Titelfoto: Sandra Then
Text: Marius Panitz (marius.panitz@theaterwg.de)
Jetzt einmal Hand aufs Herz: Wenn ihr jetzt, genau jetzt in diesem Moment, in dem ihr diese Zeilen lest, also jetzt sofort, direkt und ohne zu zögern, euren Autoschlüssel und damit euer Eigentum am Auto abzugeben aufgefordert würdet, das alles im Namen einer gesünderen Umwelt und dadurch besseren Zukunft, wer von euch wäre dabei?

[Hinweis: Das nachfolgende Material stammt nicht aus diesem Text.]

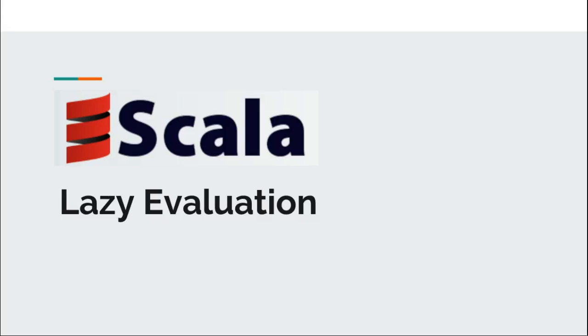Hi and welcome back to Functional Scala. Today we'll have a look at lazy evaluation.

Eine Aufforderung, so beobachtet in der Inszenierung Volksfeind for Future von Regisseur Volker Lösch und Autor Lothar Kittstein, dargeboten am Düsseldorfer Schauspielhaus. Mit Henrik Ibsens Drama Ein Volkfeind aus dem Jahr 1883 hat das Stück allerdings nur ein Drittel seines Titels sowie dessen Konflikt um Moral versus Kommerz gemein. Lösch und Kittstein transportieren die Handlung um den Badearzt Dr. Stockmann, der publik machen will, dass das Wasser des Kurbads, das jährlich tausende von zahlenden Gästen in die Stadt lockt, vergiftet ist und daher von den Honorationen der Stadt, die hierdurch große finanzielle Einbußen befürchten, mundtot gemacht werden muss, in die Gegenwart und setzen sie in die „schönste Stadt am Rhein“ nach Düsseldorf (naja…), welche den Zuschlag für den Bau eines Tesla-Werks bekommt. Die grüne Oberbürgermeisterin (Minna Wündrich) freut sich über den Schritt, den ihre Stadt in die grüne Zukunft macht und der Geschäftsführer (Rainer Philippi) freut sich über volle Taschen ob der steigenden Auftragslage für E-Autos. Gegenwind kommt ausgerechnet von den Kindern der OB, von ihrer Tochter (Cennet Rüya Voß) und ihrem Sohn (Charlie Schrein), die sich etablieren als Sprachrohr ihrer Generation, informiert, belesen, kritisch und auf Krawall gebürstet und Fakten liefern über die Heuchelei, die vonstatten geht, denn sie klagen an: E-Autos sind keine Alternative, sie werden zu den immer noch produzierten Fahrzeugen mit Verbrennungsmotor hinzukommen, sind nur Zweit- oder Drittwagen und hiermit lediglich ein ziemlich teures gutes Gewissen vor einem Tag für Tag immer bedrohteren Klima. Argumente, die die Oberbürgermeisterin in ein Dilemma stürzen, zumal sie ihren Ehemann sowie den Vater der Kinder (Glenn Goltz) überzeugen und seinen linksradikalen Geist Vergangenheit wiedererwecken. Auch der Betriebsrat aus der Dieselindustrie (Jonas Friedrich Leonhardi) freut sich über die oppositionelle Haltung den E-Autos gegenüber, nicht, weil er die Umwelt retten will, nein, für ihn sind Verbrennungsmotoren, besonders der Diesel, das Alpha und Omega der Fortbewegung. Hierüber berichtet die vermeintlich der objektiven Sache verpflichtete Chefredakteurin der Rheinischen Rundschau (Claudia Hübbecker) in dem fadenscheinigen Versuch, allen Anwesenden eine Stimme zu geben.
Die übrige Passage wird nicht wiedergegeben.